Перед поездкой позвонила Хайда:
— Можно я поеду с вами?
Мы заехали, у нее оказалась Габриэль, ищущая себе забот, не зная, куда доброту своей души девать.
Нашли госпиталь «Монтеферы». Красное кирпичное здание на горе в Бронксе, развороченный двор, песок, цемент, кирпич. Идем по длинному желто-грязному коридору, в приемной шумно, как в студенческой столовой. Ждем долго. Только через два часа попала к очень симпатичному доктору.
Опять снимки, опять анализы, и через неделю сообщат, что дальше. А пока что по-прежнему — постель, полный отдых, питание и, главное, осторожность. Дети — самое больное.
Позвонила Билли Лайнс:
— Ты чего ходишь, ты что, с ума сошла! Ложись!!!
— Пока еще нет, — отвечаю. — Но ты понимаешь, не могу я лежать, когда надо убрать, постирать, приготовить обед, дети приходят из школы уставшие, голодные, хватают и едят сухой хлеб. Кирилл целый день бегает в поисках работы, о каком тут лежании речь может идти, невольно встанешь.
— Я позвоню, тебе пришлют сестру, она сделает твою работу.
— Не надо. В тех условиях, как мы сейчас живем, кому-нибудь даже убрать трудно. У нас нет ничего, даже совочка подобрать мусор.
— Ты понимаешь, — пожаловалась мне Билли, — нам надо принять четверых журналистов, вернувшихся из Европы, из Лиссабона, — как бы я хотела, чтобы ты была с нами, но я завтра расскажу тебе все, все о чем они говорили…
Я просила прислать мне двух поваров-китайцев, перепутали, прислали одного китайца и одного японца.
— Ну что ж, у тебя будет интернациональная кухня, — пошутила я.
Проводы
Страшна была первая минута, когда внезапно в 2 часа дня позвонили и сообщили, что завтра в 10 часов утра надо явиться в госпиталь.
— На прием? — спросила я.
— Нет, для вас есть кровать. Захватите все необходимое.
Значит, снова ложиться в больницу.
— Почему так внезапно? Я не смогу. Муж в отъезде, и детей мне не с кем оставить. Он вернется только завтра. Может быть, можно отложить до понедельника?
— Нет-нет. Детей поручите кому-нибудь из знакомых, а мужу передайте, чтобы в воскресенье с двух до четырех пришел вас навестить.
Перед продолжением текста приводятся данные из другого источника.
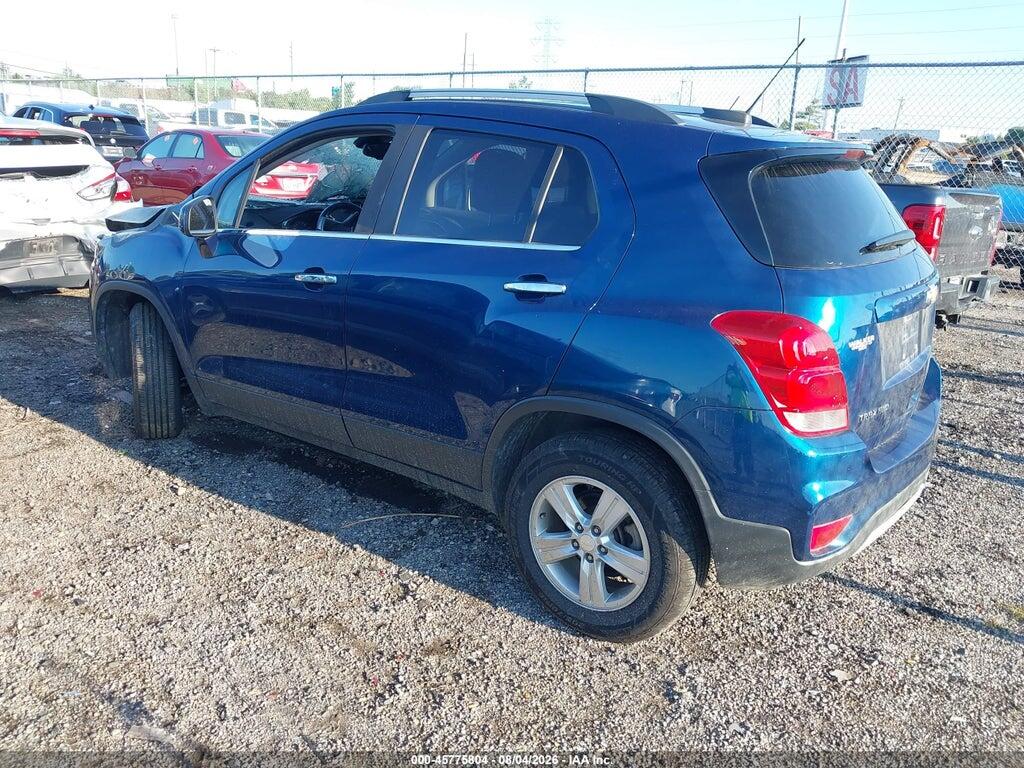3GNCJPSB7LL317449 2020 CHEVROLET TRAX photo no. 3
Машинально, почти автоматически повесила трубку. Значит, все. Как в тюрьму, только, слава богу, без полицейского. Никаких отсрочек.
И вдруг, сев на кровать, я вспомнила весь кошмар больничной обстановки и, не в силах подавить горечь, боль и отвращение, громко застонала. О господи, я не хочу, я не могу уже больше переносить все это! Но что же делать? Я не плакала, я просто рыдала вслух, в доме я была одна.
Рано пришли дети.
И когда позвонила Мира, и я, еле-еле сдерживая слезы, говорила с ней по телефону, Лялечка приподнялась и с грустью спросила:
— Это правда, мамусенька, что ты должна снова уйти в больницу?
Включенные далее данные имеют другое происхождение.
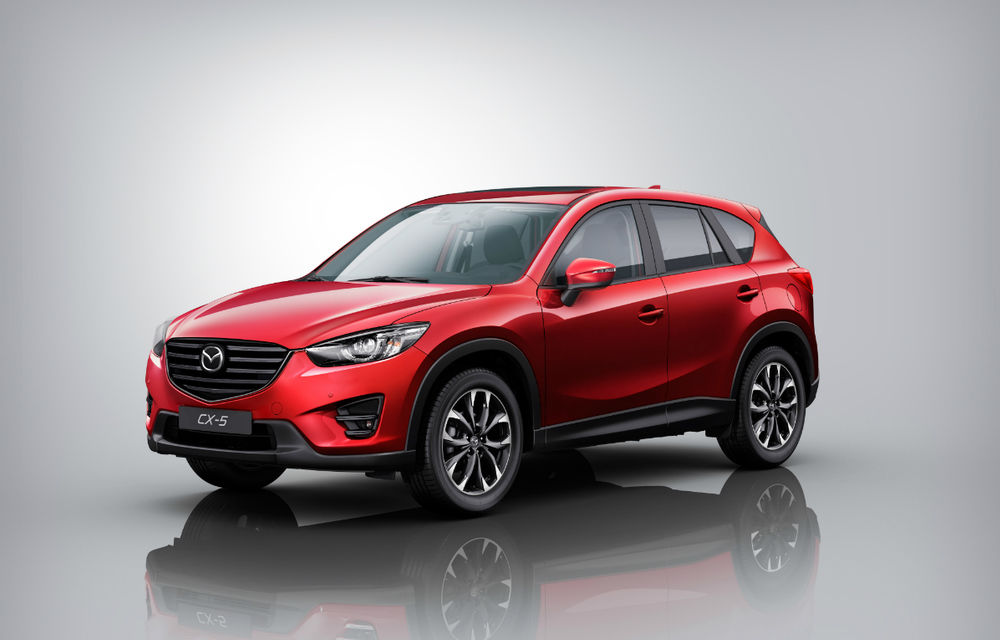 Mazda CX-5 facelift vine cu îmbunătăţiri vizuale şi noi sisteme de siguranţă - Poza 2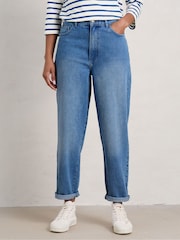 Seasalt Cornwall Blue Honeydew Jeans - Image 1 of 6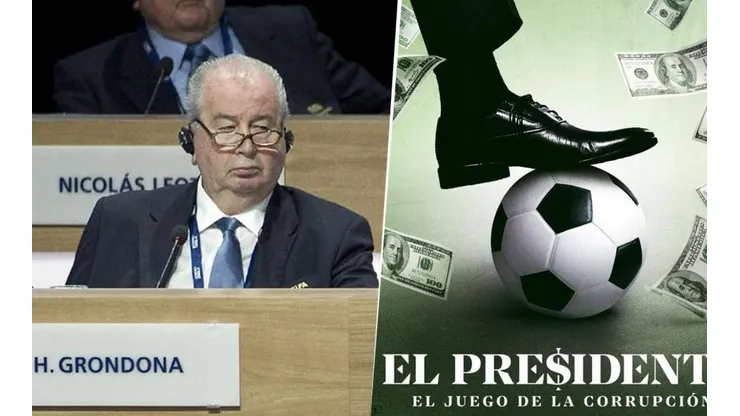 El comunicado de los hijos de Julio Grondona tras la acusación en la serie 'El Presidente'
Володенька весь сжался, глаза полны слез:
— Нет, мамочка, ты никуда не пойдешь, мы тебя не пустим, — и он изо всех сил старался, крепился, чтобы не заплакать.
Когда пришла Мира, она решила позвонить в госпиталь и попросить отложить на один день, ей снова ответили:
— Отложить нельзя, надо явиться завтра утром.
— Вопрос идет об одном только дне, — настаивала Мира.
— Да, мы знаем, но ничем помочь не можем.
— Это безобразие, — возмутился Володюшка, — даже когда в тюрьму забирают, дают 24 часа, а это в больницу.
Дети уснули, а у меня не было сил уснуть. Завтра, значит, завтра. Тяжело было представить, что завтра я уже не буду спать на моей, хоть и не очень удобной, но все-таки моей, более приятной постели.
Может быть, это просто кошмарный сон? Так хотелось верить, что произойдет чудо и все изменится.
Чудо произошло, открылась дверь, и вошел Кирилл:
— Ты что такая, так плохо выглядишь?
Мудрено было выглядеть лучше, когда хотелось кричать, биться головой об стену.
Проснулась я очень рано и решила — надо собираться. И когда все было уложено и я оделась, позвонила Мира:
— Ничего нельзя сделать, — сообщила она.
— Не беспокойся, я уже готова, — ответила я.
Дети тоже встали. Володюшка, уже не сдерживая слез, плакал в открытую. Лялечка не выходила из своей комнаты. Я только услышала через дверь:
— Я не хочу с тобой говорить. Уйди от меня, — это она Володе.
И вдруг я с ужасом представила себе всю ожидающую меня обстановку и застонала:
— Я не могу, я не выдержу, у меня просто не хватит сил.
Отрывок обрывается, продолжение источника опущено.